» Task objective:
The lines to be extracted begin at the line containing "Item preview, Emergence: A" and end at the last line of the data below; copy them exactly and leave out the pictures.

Top of Data in this exercise

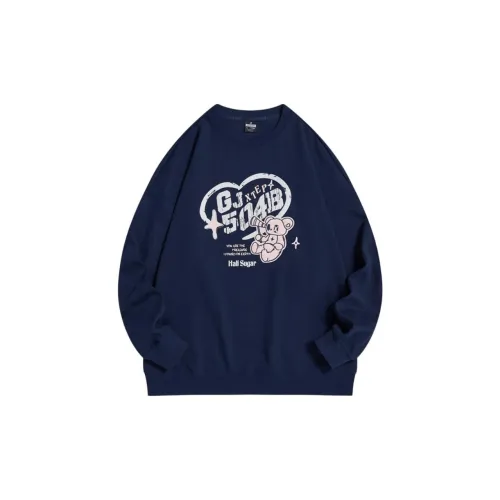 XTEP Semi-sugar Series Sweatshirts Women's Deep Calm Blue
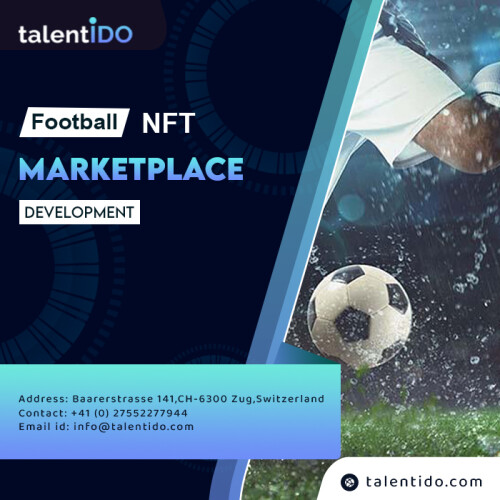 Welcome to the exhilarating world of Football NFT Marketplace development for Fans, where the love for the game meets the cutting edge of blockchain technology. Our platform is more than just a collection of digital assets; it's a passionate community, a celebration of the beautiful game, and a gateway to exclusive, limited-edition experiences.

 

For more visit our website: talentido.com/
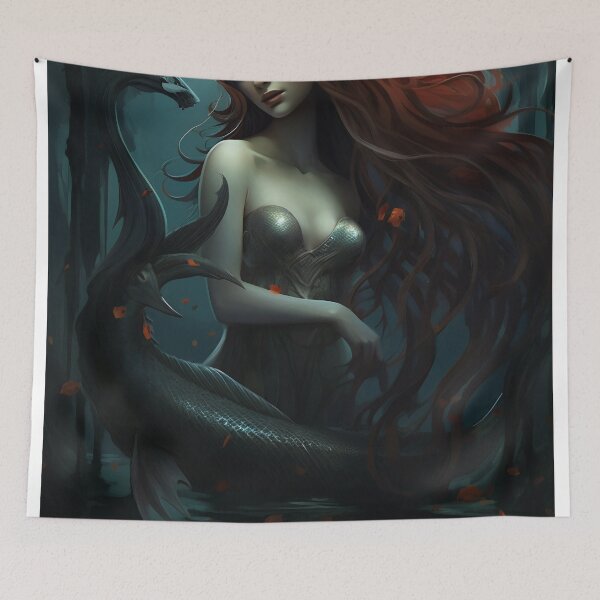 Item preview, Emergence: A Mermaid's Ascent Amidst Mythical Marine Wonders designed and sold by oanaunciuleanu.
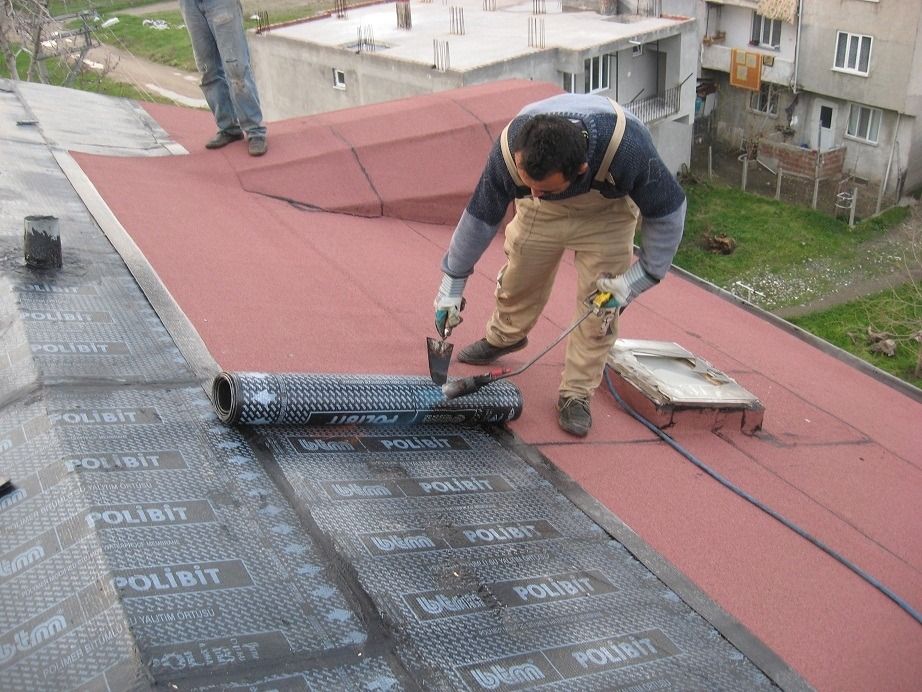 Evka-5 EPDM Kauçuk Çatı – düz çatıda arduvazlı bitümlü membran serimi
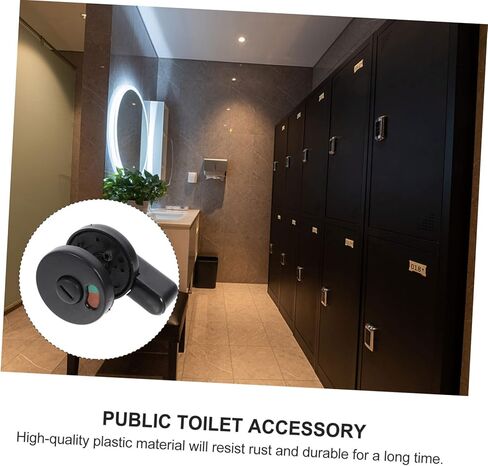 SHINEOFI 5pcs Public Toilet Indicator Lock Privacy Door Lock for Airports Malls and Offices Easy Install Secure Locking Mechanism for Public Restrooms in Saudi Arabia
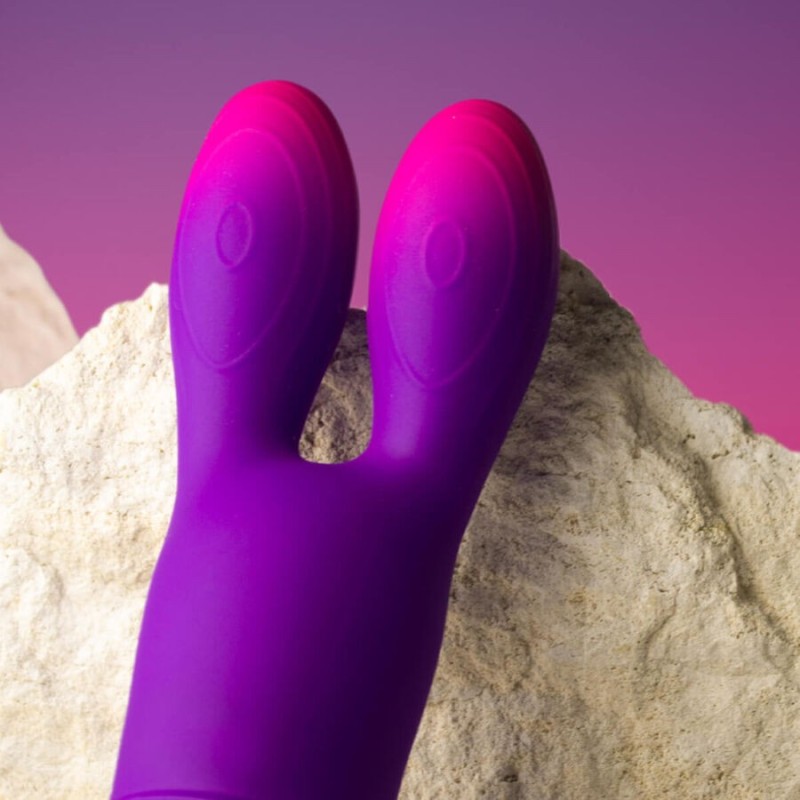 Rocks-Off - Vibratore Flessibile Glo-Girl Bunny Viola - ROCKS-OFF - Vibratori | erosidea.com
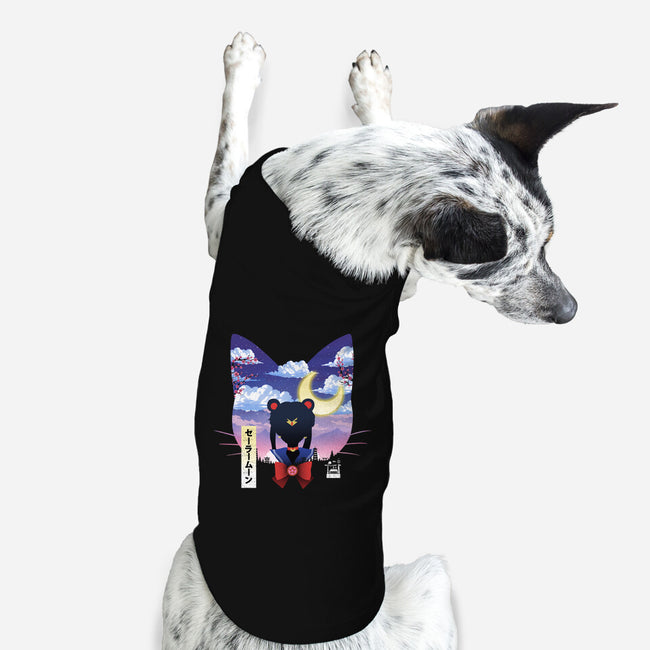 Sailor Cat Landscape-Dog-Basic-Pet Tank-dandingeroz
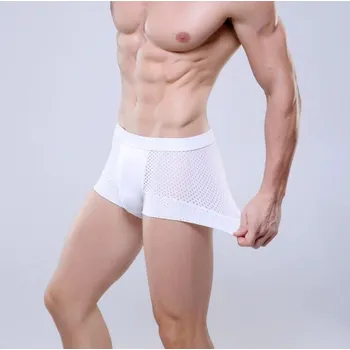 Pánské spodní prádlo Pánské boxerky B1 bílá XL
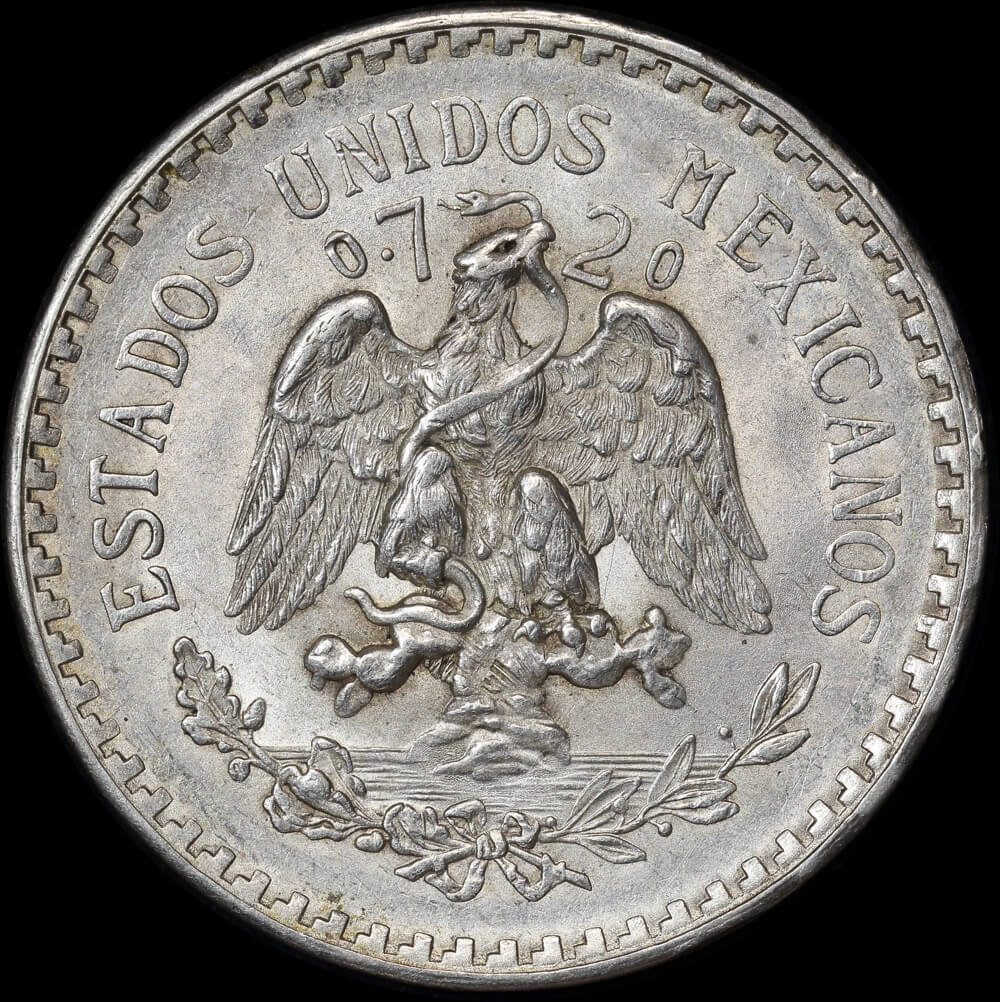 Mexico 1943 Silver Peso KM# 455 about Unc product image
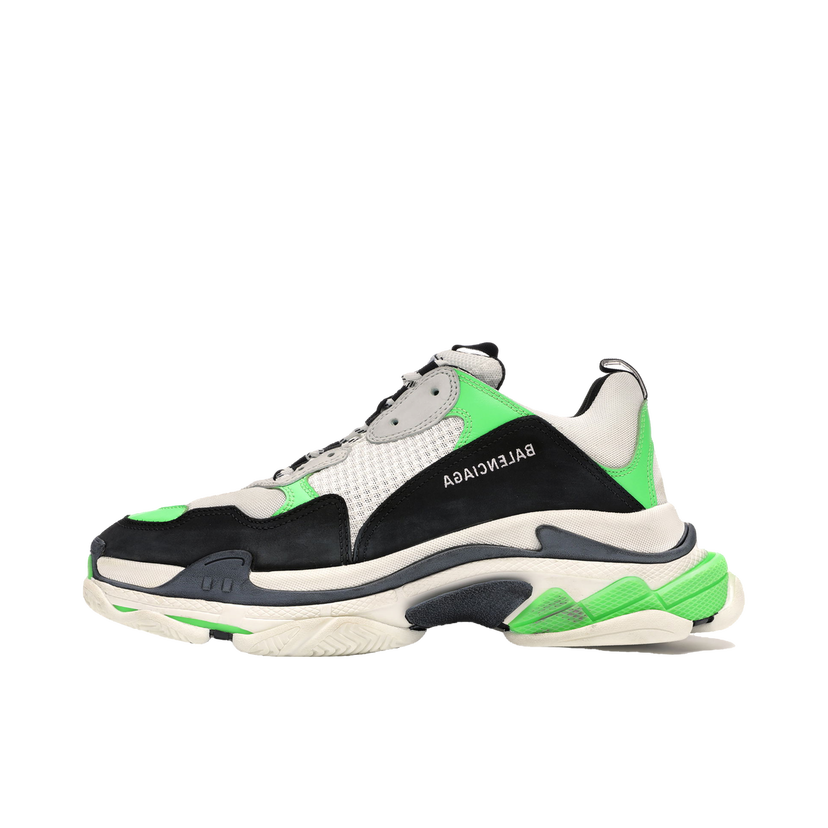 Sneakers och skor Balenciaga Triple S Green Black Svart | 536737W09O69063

Bottom of Data in this exercise

» Expected answer:
 Item preview, Emergence: A Mermaid's Ascent Amidst Mythical Marine Wonders designed and sold by oanaunciuleanu.
 Evka-5 EPDM Kauçuk Çatı – düz çatıda arduvazlı bitümlü membran serimi
 SHINEOFI 5pcs Public Toilet Indicator Lock Privacy Door Lock for Airports Malls and Offices Easy Install Secure Locking Mechanism for Public Restrooms in Saudi Arabia
 Rocks-Off - Vibratore Flessibile Glo-Girl Bunny Viola - ROCKS-OFF - Vibratori | erosidea.com
 Sailor Cat Landscape-Dog-Basic-Pet Tank-dandingeroz
 Pánské spodní prádlo Pánské boxerky B1 bílá XL
 Mexico 1943 Silver Peso KM# 455 about Unc product image
 Sneakers och skor Balenciaga Triple S Green Black Svart | 536737W09O69063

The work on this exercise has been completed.